3. WGC asserts error in the trial court's elimination of its claims against Jay and the estate based upon interference with contractual relations. It is beyond cavil that all such claims relating to Joe's interference with the transaction in issue were decided against WGC in Cohen I and may not be raised here. After remittitur, however, WGC added claims that Joe and Jay tortiously interfered with All-Star's business relationships -- claims the trial court refused to allow Radford to add several years earlier -- and that they conspired to breach the stock exchange agreement.
WGC contends these claims are based not upon tortious interference with the stock exchange agreement, as were the claims in Cohen I, but at least in part upon other conduct of Joe and Jay (and later Brent). WGC alleges that Joe and Jay prevented All-Star from producing products during the time period after the execution of the stock swap documents when it was operating on the premises of the T-Shirtery, and that this resulted in All-Star's demise. WGC also con-trends its claims are partly for tortious interference with All-Star's prospective business advantage" by Jay and Joe. The trial court concluded that these claims were barred by the holdings in Cohen L We agree with the trial court's conclusion. The addition of Jay as a target of the allegations of tortious interference and of Joe as a conspirator to breach the contract does not serve to change the nature of either cause of action. The gist of the action is not any alleged conspiracy; it lies within the nature of the tort alleged. As it did prior to Cohen I, WGC alleges in these amended claims the tort of interference with contractual relations. The fact that the tort is now alleged against additional parties, that interference with All-Star's future business relations or "prospective business advantage" is now claimed by WGC, or that a conspiracy is part of the claim is of no consequence. No new facts are alleged; the evidentiary posture of the case is no different in this regard now than it was when we held in Cohen I that WGC's tortious interference claim was extinguished in its entirety.
A claim of tortious interference is now precluded by the law of the case. If other facts could have been summoned by WGC to support its claim for tortious interference, WGC was required to state them then. Instead, it stood on its pleaded allegations. After remittitur, relying on exactly the same facts, WGC recast its complaint to assert new "theories" of recovery on essentially the same claim of tortious interference. These theories were "ascertainable" under the original complaint, however, and accordingly did not survive the holding in Cohen I. Summer-Minter & Assoc. v. Giordano, 231 Ga. 601
, 605 (203 SE2d 173
) (1974). The trial court properly granted summary judgment against WGC on these claims.

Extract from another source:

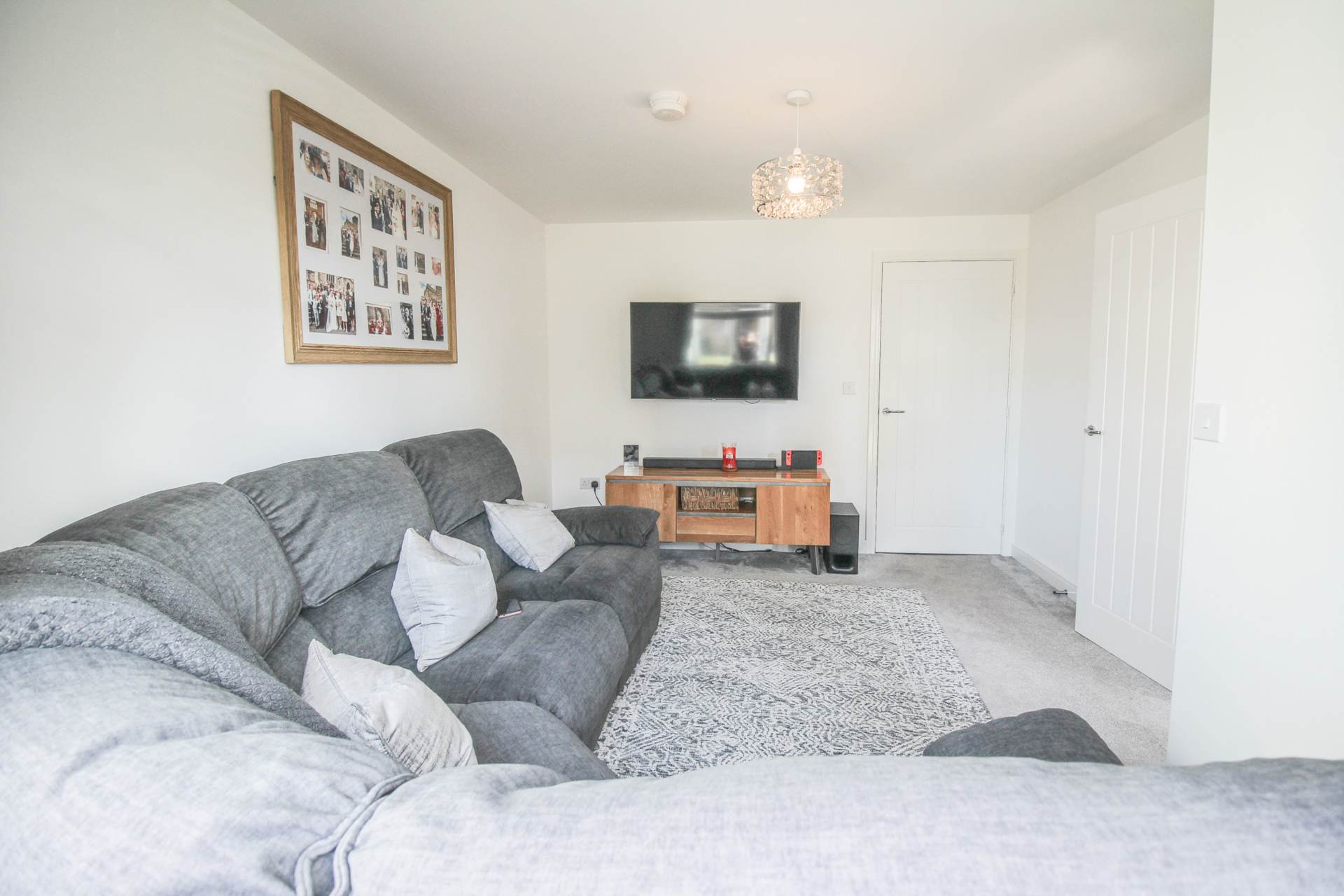 Cowleaze Path, Mead Fields**Immaculately Presented**Garage & Parking**, Image 6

4. The trial court left standing Jay's claim against WGC for attorney fees pursuant to OCGA 13-6-11
. WGC asserts this was error, because the trial court left no other claims of Jay pending. The trial court's order states no reason for denying WGC's motion for summary judgment as to this claim. It is true, as WGC argues, that expenses of litigation are not recoverable pursuant to OCGA 13-6-11
unless some other damages are recoverable as well. Connell v. Houser, 189 Ga. App. 158
, 160 (5) (375 SE2d 136
) (1988). Because our decision in Division 6 (b), infra, reinstates at least one of Jay's claims, however, summary judgment was properly denied to WGC on Jay's claim for attorney fees under OCGA 13-6-11
5. Case No. A95A1189 is Jay's appeal from other rulings made by the trial court. We affirm those rulings in part and reverse in part.

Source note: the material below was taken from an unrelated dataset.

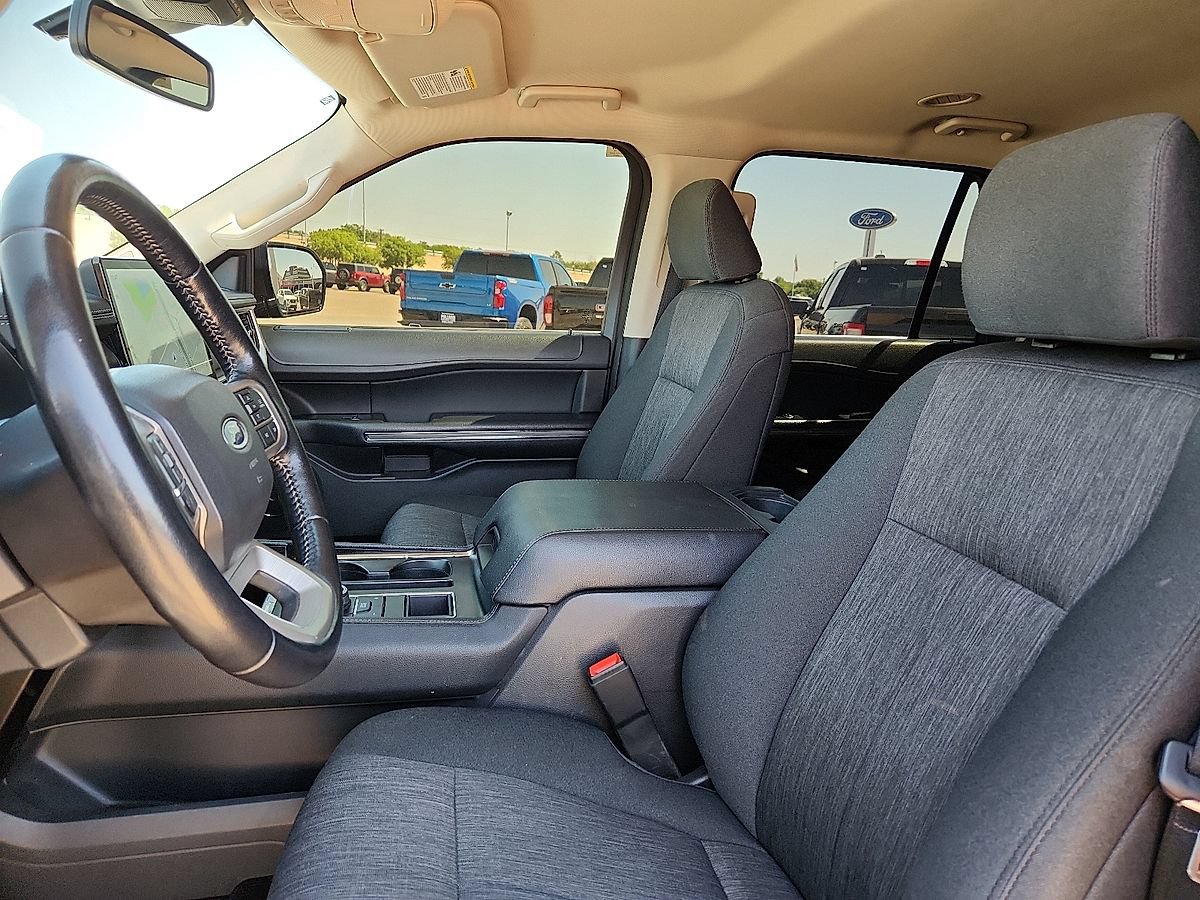 Used 2022 Ford Expedition XLT RWD image 7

In Cohen I, this Court held that the trial court properly denied Jay's motion for summary judgment on the issue of whether an enforceable contract existed. Jay now contends the trial court erred in failing to consider a legal argument, raised for the first time after remittitur, supporting his contention that the parties failed to reach a meeting of the minds and no enforceable contract exists. His argument focuses on the Opening words of the deferred compensation agreement: "Jay Cohen ('Employee') and William Goldberg & Co., Inc. ('Employer') agree to enter into a deferred compensation agreement providing as follows: . . ." (Emphasis supplied.) Jay maintains these words constitute an unenforceable "agreement to agree."

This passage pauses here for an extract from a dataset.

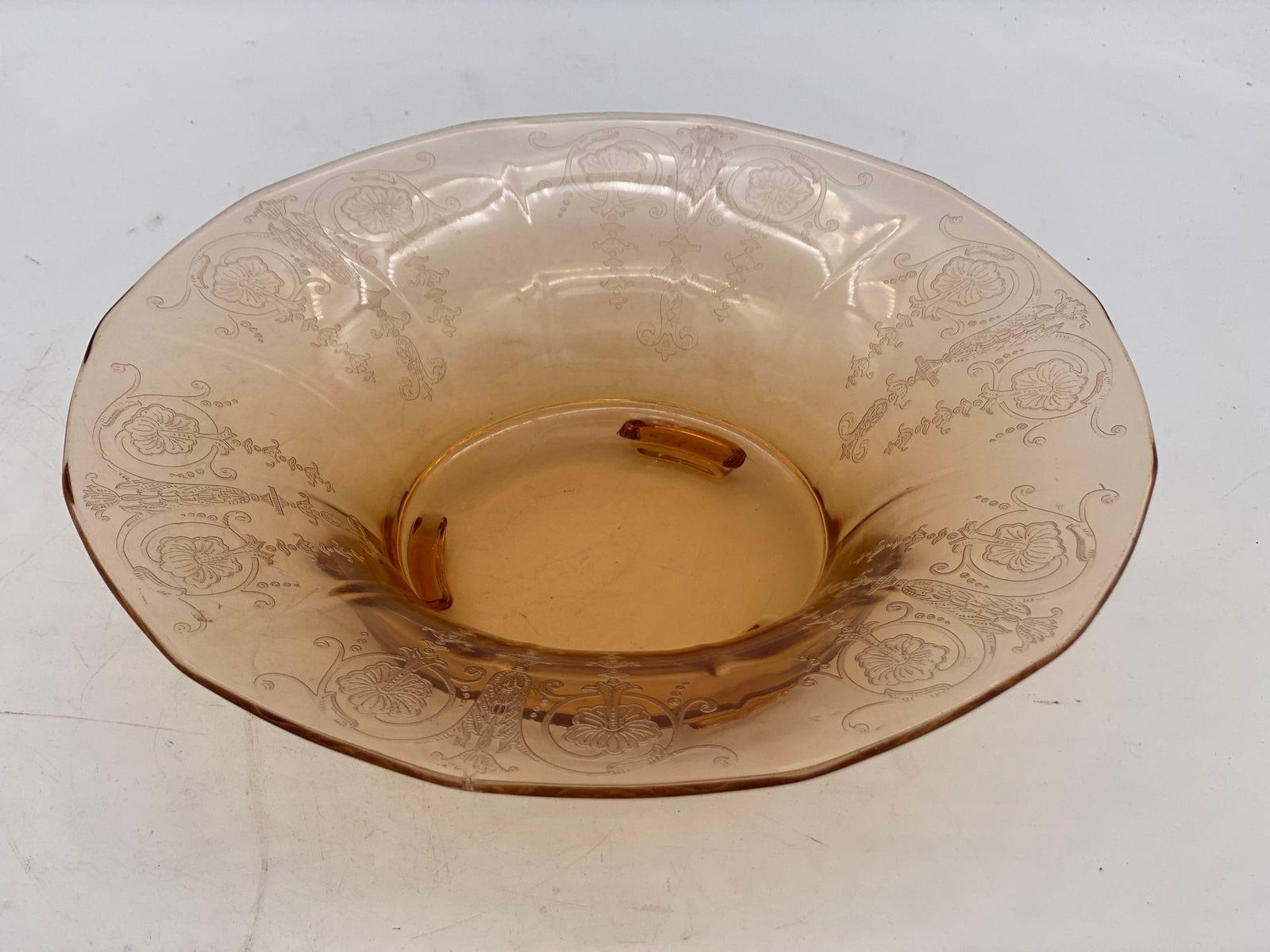 Vintage Bohemian Peach Intaglio Glass Fruit Bowl, Circa 1930 - 18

We will not address the merits of this argument. The trial court properly refused to consider it, although not for the reason given in its order. The argument may not be considered because it is precluded by the law of the case.
Nothing in OCGA 9-11-56
limits the right of a party to move again for summary judgment after denial of such a motion. When the denial is affirmed on appeal, however, it establishes as the law of the case that the movant is not entitled, on the basis of the record as it then existed, to summary judgment. Premium Distrib. Co. v. Nat. Distrib. Co., 157 Ga. App. 666
, 667-668 (1) (278 SE2d 468
) (1981). See OCGA 9-11-60
(h); compare T. L. Rogers Oil Co. v. S. Carolina Nat. Bank, 203 Ga. App. 605
, 606 (2) (417 SE2d 336
) (1992) (renewed motion not barred because denial of original motion not appealed). It is well established that when a ruling is appealed, the appealing party must raise all available grounds. Lankford v. Milhollin, 201 Ga. 594
, 603 (3) (40 SE2d 376
) (1946). The deferred compensation agreement language in issue was part of the record in Cohen I, and it is now raised in support of a contention made both in the trial court and on appeal in Cohen I: that no enforceable contract was created. Consequently, the trial court was not authorized to consider it. We therefore affirm the trial court's refusal to consider this argument under the principle that a trial court's ruling right for any reason will be affirmed. Orkin Exterminating Co. v. McIntosh, 215 Ga. App. 587
, 590 (452 SE2d 159
6. Jay also maintains the trial court erred in granting WGC's motion for summary judgment on his remaining claims of common law fraud, securities fraud under both federal and state law, and breach of fiduciary duty. 5
Jay's claims under the securities acts are based upon the same misrepresentations that form the basis for his claim of fraud. Therefore, as noted by the trial court, they require the same elements and will be addressed together. These claims are based upon two categories of alleged misrepresentation by Goldberg.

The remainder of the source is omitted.